Extracted records:
○ ○ ○ ○ ○

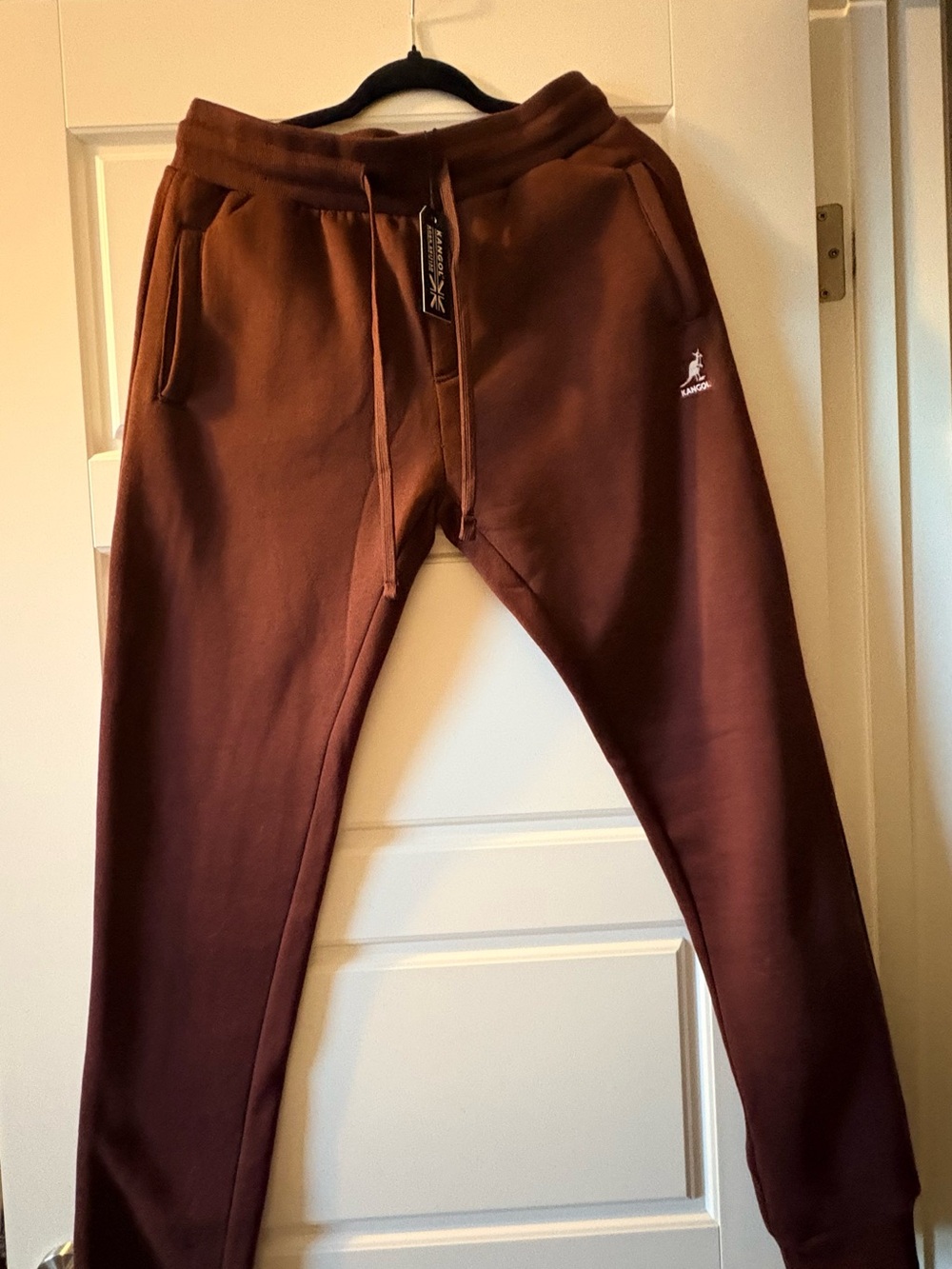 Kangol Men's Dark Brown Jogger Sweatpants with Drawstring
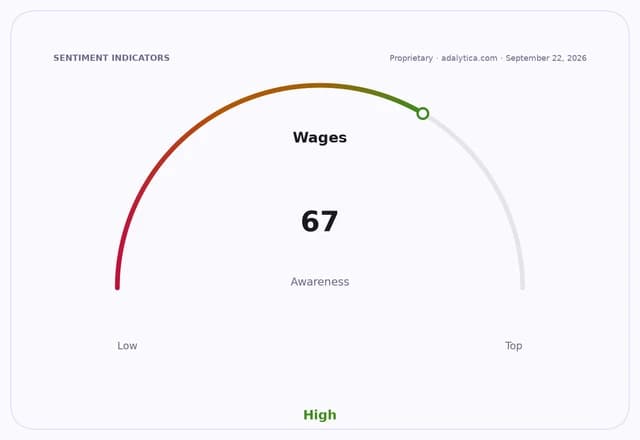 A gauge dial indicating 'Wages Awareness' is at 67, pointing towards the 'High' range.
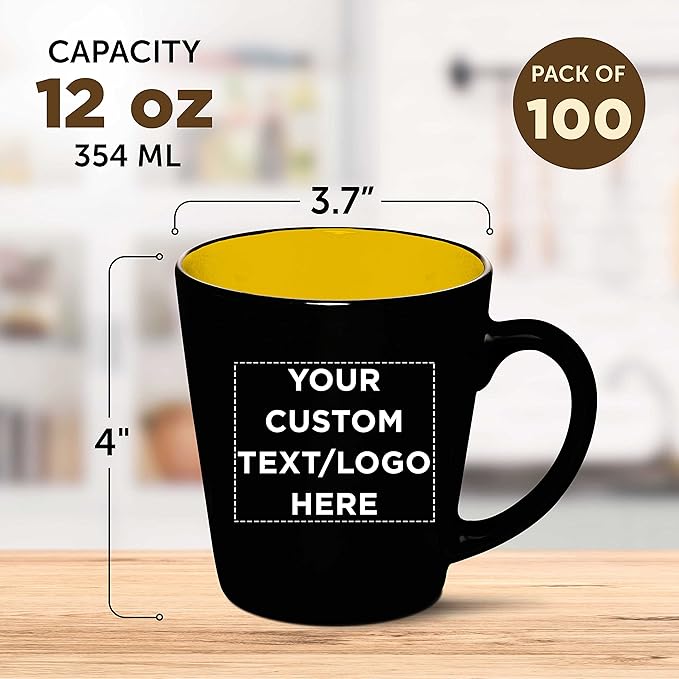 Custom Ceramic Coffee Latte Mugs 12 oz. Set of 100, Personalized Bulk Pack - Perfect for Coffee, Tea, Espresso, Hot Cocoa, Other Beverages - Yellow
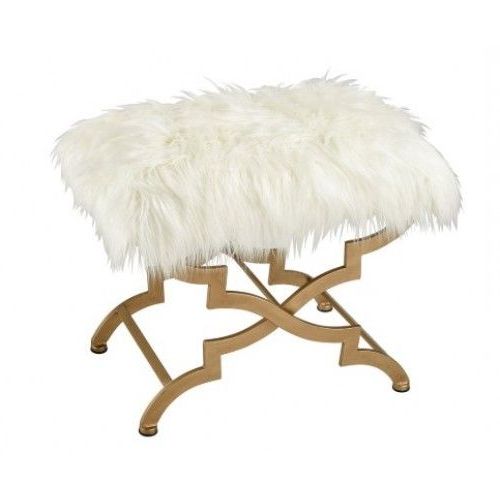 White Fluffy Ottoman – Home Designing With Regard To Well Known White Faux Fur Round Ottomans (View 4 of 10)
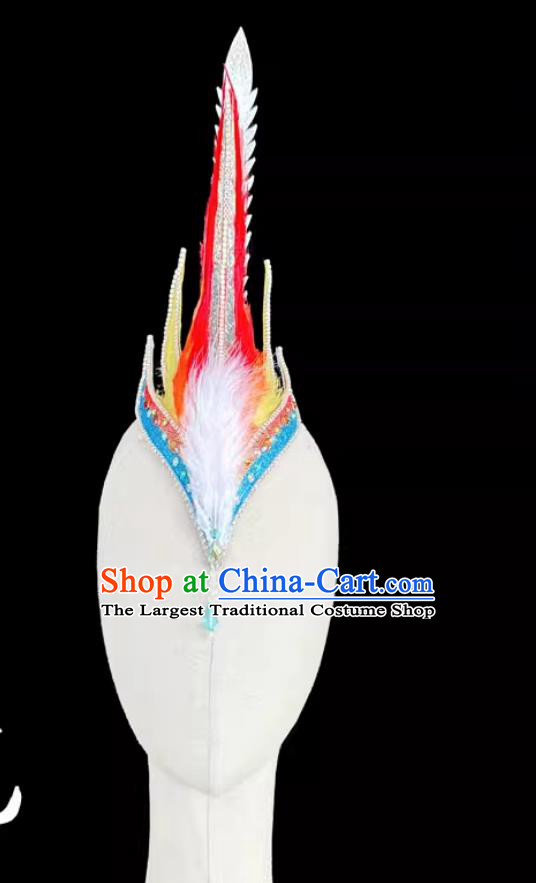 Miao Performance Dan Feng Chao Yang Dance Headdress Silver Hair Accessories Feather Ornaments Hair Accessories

○ ○ ○ ○ ○

The range to set down runs from the line containing "Custom Ceramic Coffee" through the final line of the data, both ends included; give it exactly and drop the pictures.

 Custom Ceramic Coffee Latte Mugs 12 oz. Set of 100, Personalized Bulk Pack - Perfect for Coffee, Tea, Espresso, Hot Cocoa, Other Beverages - Yellow
 White Fluffy Ottoman – Home Designing With Regard To Well Known White Faux Fur Round Ottomans (View 4 of 10)
 Miao Performance Dan Feng Chao Yang Dance Headdress Silver Hair Accessories Feather Ornaments Hair Accessories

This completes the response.